Now let’s think about it this way-

  • You pay them $50,000 a year (on the lowest bound)
  • The analytics tools reduces the average workload and time taken by only 2x
  • You just reduced their workload to such a degree that they now…
  • Can finally spend their time looking for other ways to improve your business
  • Complete 10 more tasks in the same time frame
  • They will love you

You just made your analytics operations 2x more efficient for the cost of software.

How does the software compare?

Does it cost the same as hiring another analyst?

Depending on the stage of your business, these assumptions might or might not hold true. If you haven’t even got the basic tools, getting one now might increase the efficiency by a factor of 10x.

Building a long-term data strategy

In essence, this strategy comes down to establishing the infrastructure required for analytics teams to move fast and execute. These teams need three things-

  • Access
  • Commitment
  • Enablement

Access

Depending on the contents of the raw data, some departments might be uncomfortable disclosing the numbers to the analysis.
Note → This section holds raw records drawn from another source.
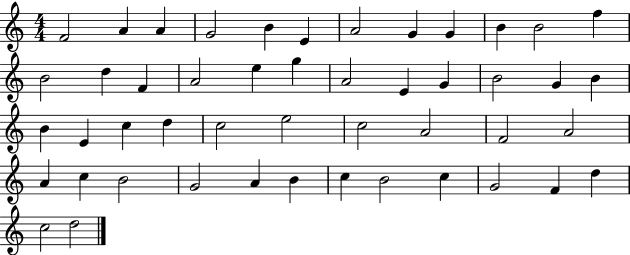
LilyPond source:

{
  \clef treble
  \numericTimeSignature
  \time 4/4
  \key c \major
  f'2 a'4 a'4 | g'2 b'4 e'4 | a'2 g'4 g'4 | b'4 b'2 f''4 | \break b'2 d''4 f'4 | a'2 e''4 g''4 | a'2 e'4 g'4 | b'2 g'4 b'4 | \break b'4 e'4 c''4 d''4 | c''2 e''2 | c''2 a'2 | f'2 a'2 | \break a'4 c''4 b'2 | g'2 a'4 b'4 | c''4 b'2 c''4 | g'2 f'4 d''4 | \break c''2 d''2 | \bar "|."
}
Say, a marketing department wildly overspends on an unsuccessful promotional campaign. It might be embarrassing for them to share these numbers with others in the organisation.

Your duty as someone part of this organisation (even if you don’t have a leadership title) is to encourage this sharing of data.

Commitment

Like it or not, the success of this strategy hinges on the involvement of the senior management.

It doesn’t matter how much you invest in your analytics team if their work is not going to be recognised by another department.

They are going to get jaded and just work on improving some other part of the organisation while that portion remains as it is.

Enablement

Individuals who possess strong analytical skills are in hot demand.

They are generally hard to recruit and retain.

Don’t make them work with old tools that take forever to load.

Try letting them choose the tools that they prefer working with because they will be more aware of the limitations of the various tools and the data set available.